2023-05881 - PhD Position F/M Audio-visual Speech Enhancement: Bridging the Gap between Supervised & Unsupervised Approaches
Contract type : Fixed-term contract
Level of qualifications required : Graduate degree or equivalent
Fonction : PhD PositionContext
This is a fully-funded PhD position as part of the REAVISE project: “Robust and Efficient Deep Learning-based Audio-visual Speech Enhancement” (2023-2026). REAVISE aims to develop a unified audio-visual speech enhancement (AVSE) framework that robustly integrates acoustic data (noisy speech signal) with accompanying visual information (video of speaker's lip movements) in order to recover an intelligible, high-quality estimate of the clean speech signal with low computational power and independently of the acoustic and visual noise environments. These objectives will be achieved by leveraging the recent methodological breakthroughs in statistical signal processing, machine learning, computer vision, and deep neural networks.
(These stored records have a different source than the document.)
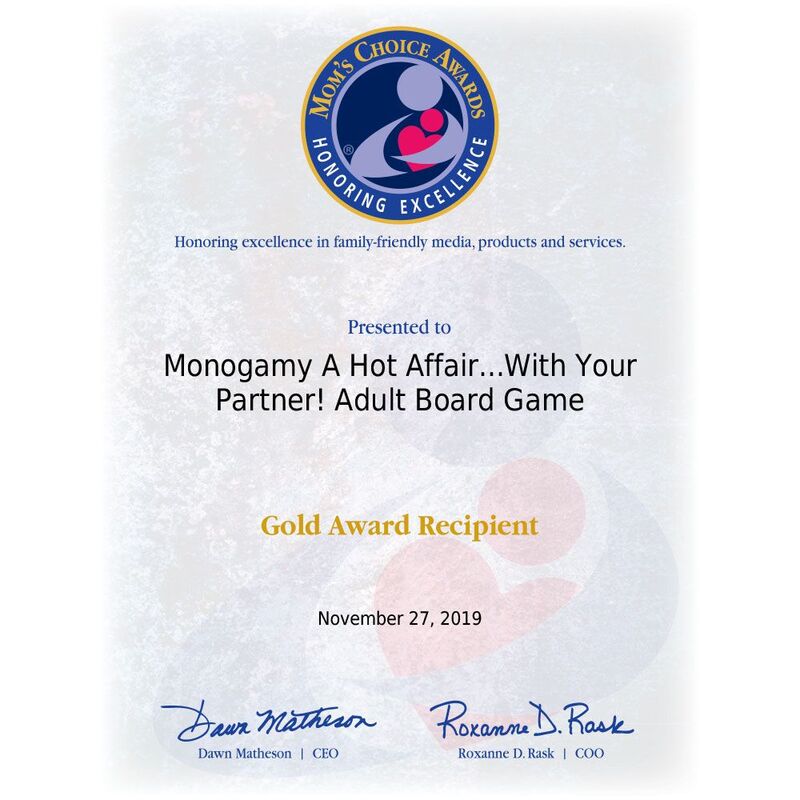 MONOGAMY - COUPLES GAME WITH HIGH-QUALITY TABLE CONTENT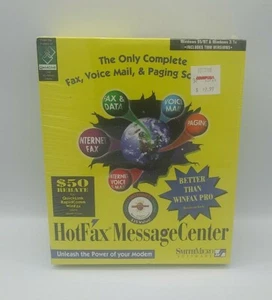 SmithMicro HotFax Message Center Multi Version Windows 95/NT & Windows 1998 - Picture 1 of 7
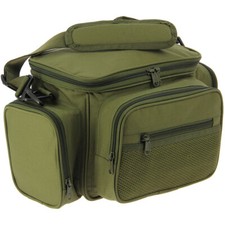 Fishing Tackle Bag Small Holdall Green Carp Multi Pocket Carryall Stalking - 895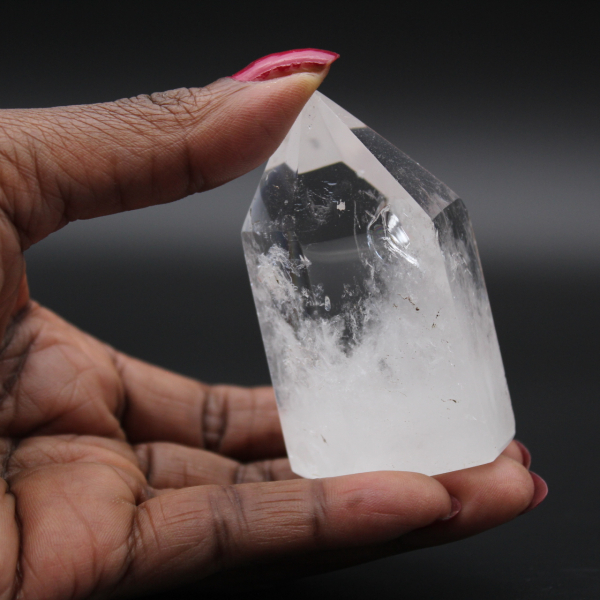 Rock crystal quartz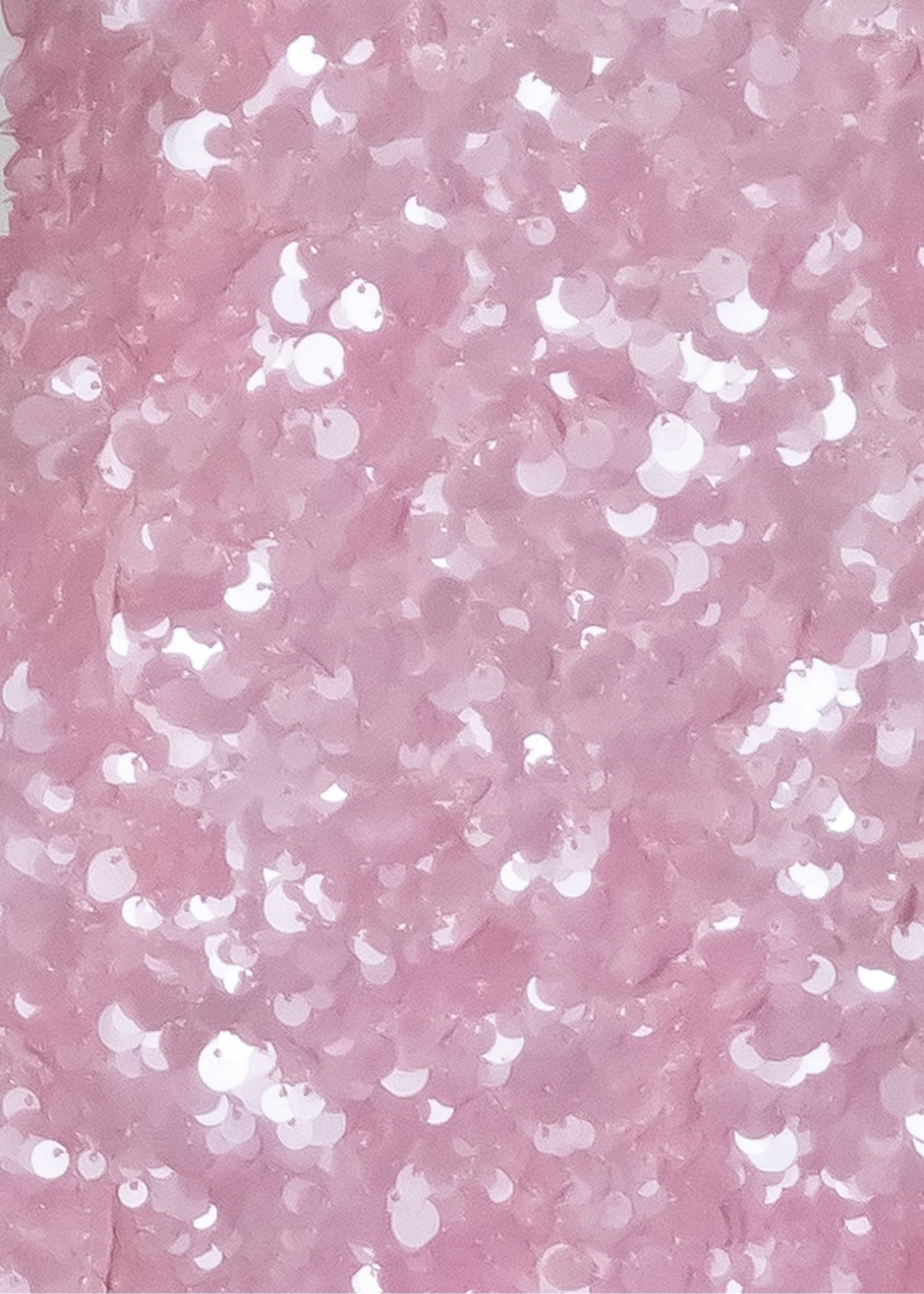 Let Love Grow Sequin Mini Dress - Pink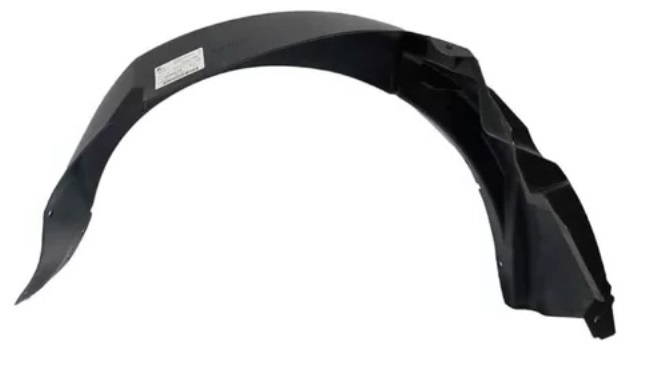 03-065-062.jpg Pasarruedas guardaplast para Chevrolet Spark 2009/2011 delantero izquierdo
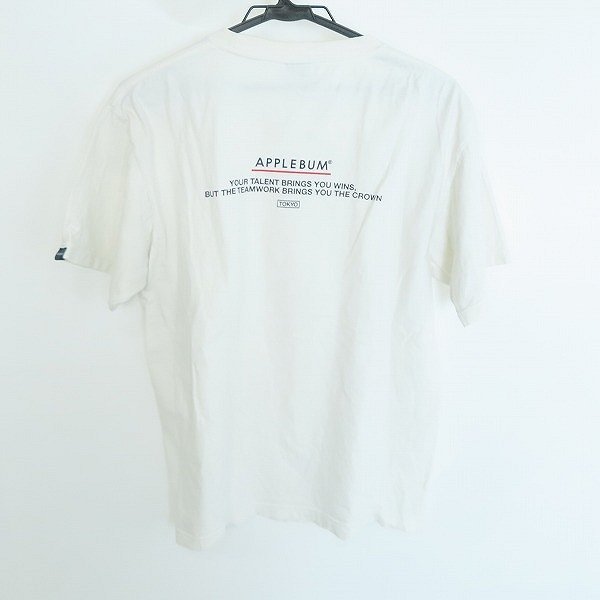 ☆APPLEBUM/アップルバム Tシャツ ホワイト L /LPL_画像2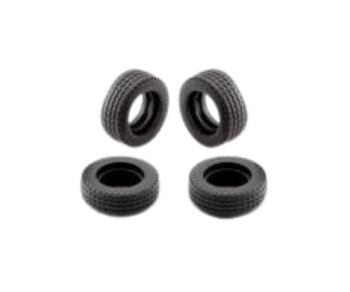 CON99810/01 - Pack de 24 neumáticos Rb de 22mm
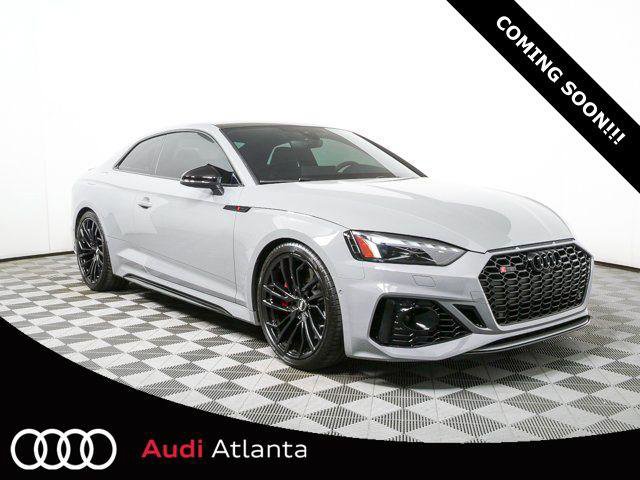 Certified 2021 Audi RS 5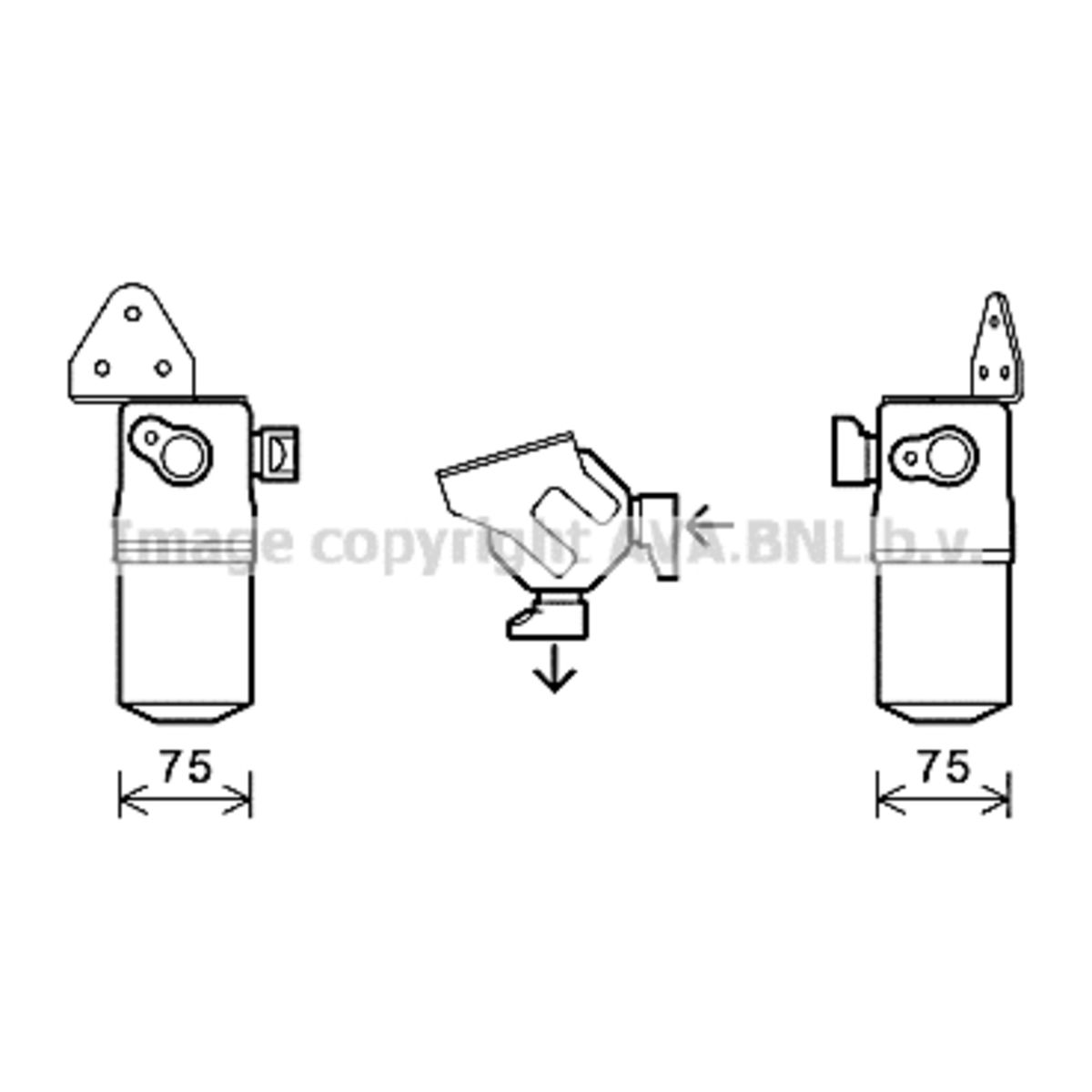 Kuivain, ilmastointilaite AVA COOLING SYSTEMS AID348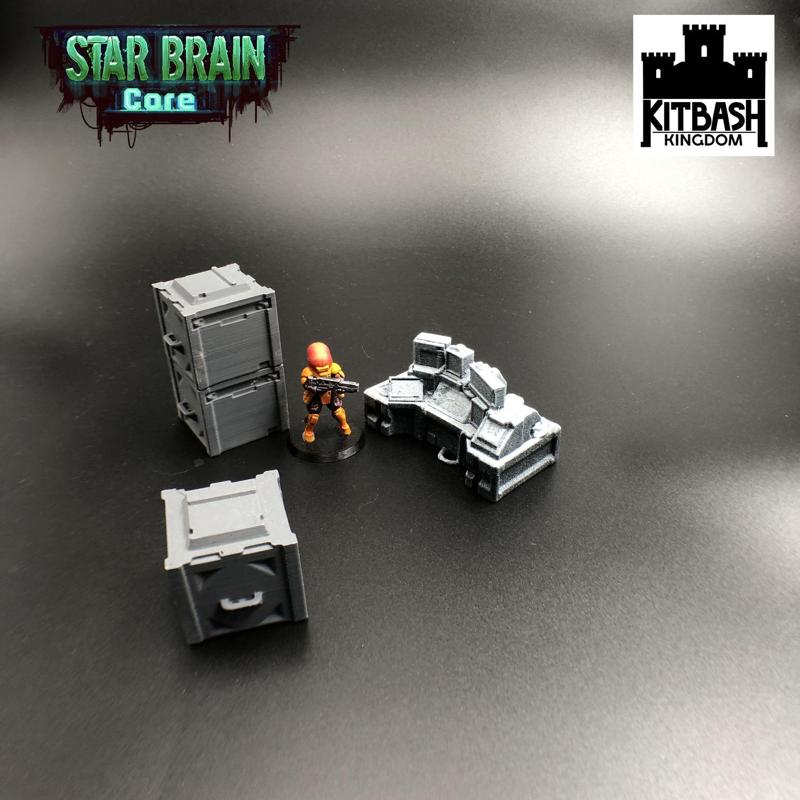 Starbrain Core - Desk and Box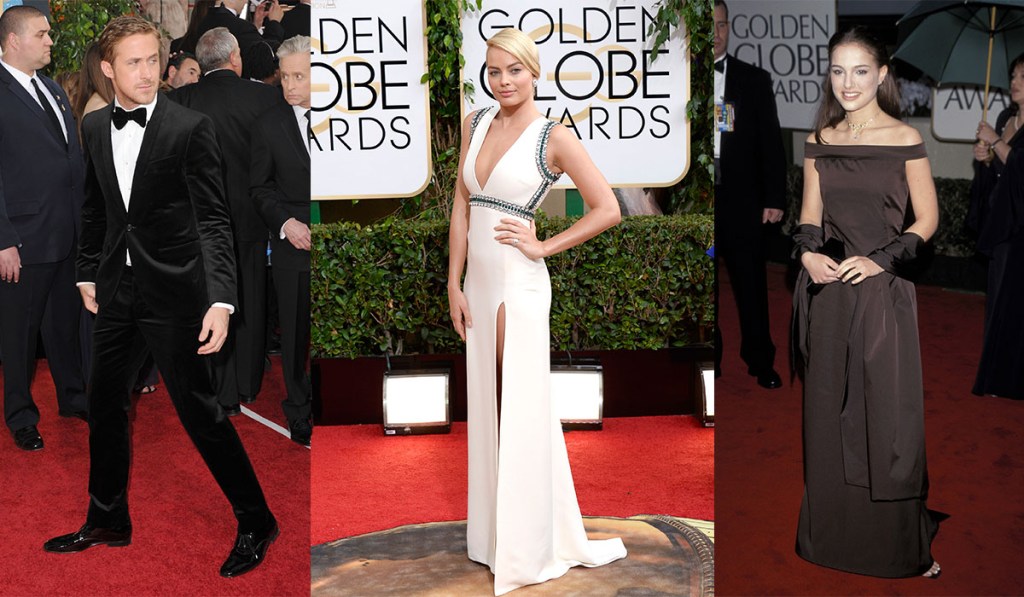 what-the-2024-nominees-wore-to-their-first-golden-globe-awards:-jennifer-lawrence-in-louis-vuitton,-margot-robbie-in-gucci-and more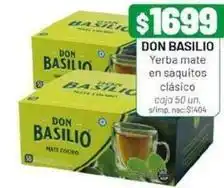 Almacor Yerba mate en saquitos cl uevo oferta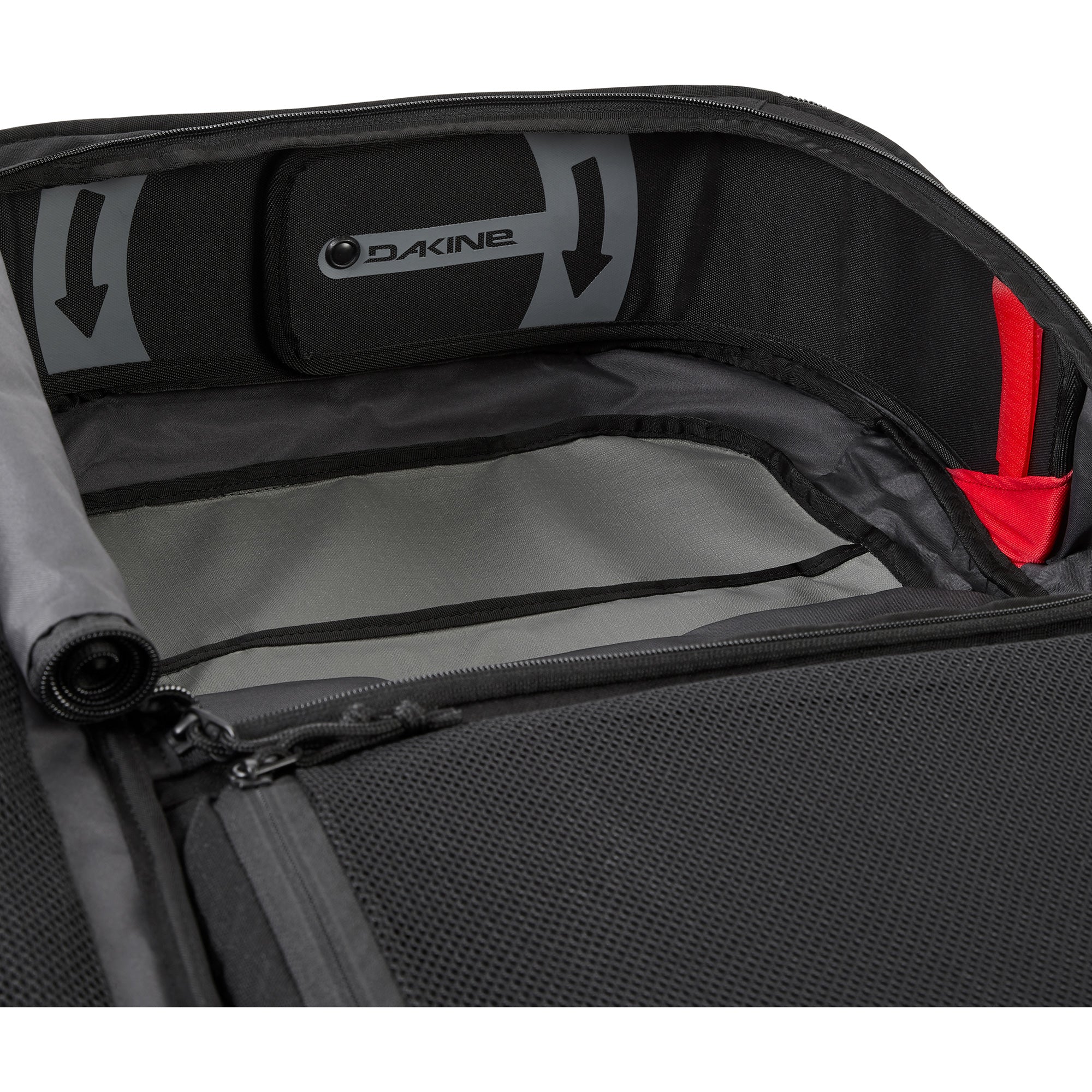 Split Roller Bag 110L Hawaii - Asphalt Checker - Image 9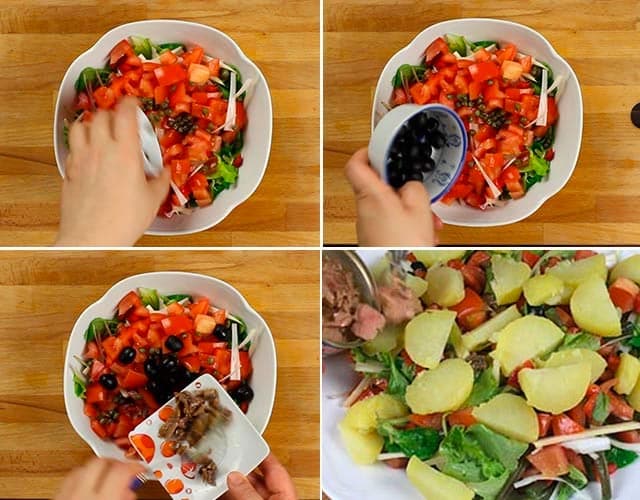 Como Hacer Ensalada Nicoise
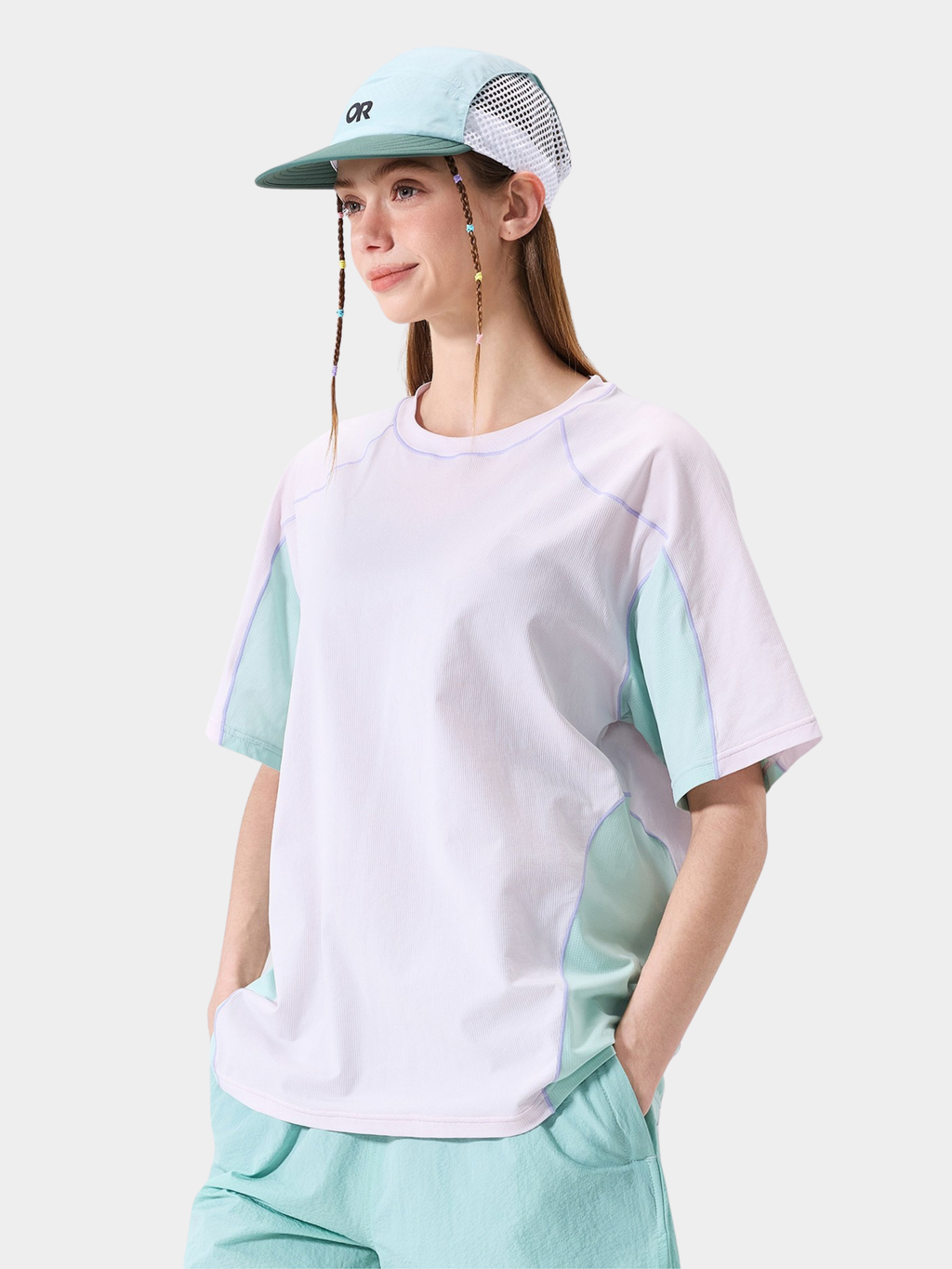 LightLeap - UPF100+ Protection Lightweight Quick-Dry Athletic T-Shirt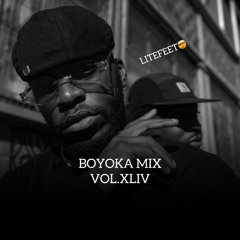 BOYOKA MIX VOL.44 -MAPEKA NATION (SPECIAL LITEFEET)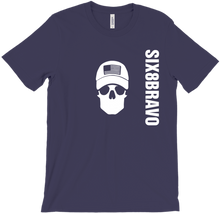 logo and name tee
The PhD candidate will join the MULTISPEECH team at Inria, Nancy - Grand Est., France, and will work under the co-supervision of Mostafa Sadeghi (researcher, Inria), and Romain Serizel (associate professor, University of Lorraine). The candidate will benefit from the research environment, expertise, and powerful computational resources of the team.Assignment
Background: Audio-visual speech enhancement (AVSE) refers to the task of improving the intelligibility and quality of a noisy speech signal by incorporating visual information, i.e., video of speaker's lip movements 1. Visual modality can help to differentiate the target speech signal from background noise, especially in highly noisy environments. Recently, AVSE has been extensively revisited due to the great success and progress of deep neural network (DNN) architectures. Existing DNN-based AVSE methods are categorized into supervised and unsupervised approaches. In the former category, a DNN is trained to map a noisy speech signal and the associated video frames of the speaker into a clean estimate of the target speech signal. On the other hand, unsupervised methods 2 utilize a statistical model- based approach that combines deep generative models such as variational autoencoders (VAEs) 3 with DNNs to learn the prior distribution of clean speech signals without training on noisy data. The estimated clean speech signal is obtained in a probabilistic manner by combining the learned prior distribution with a statistical observation model.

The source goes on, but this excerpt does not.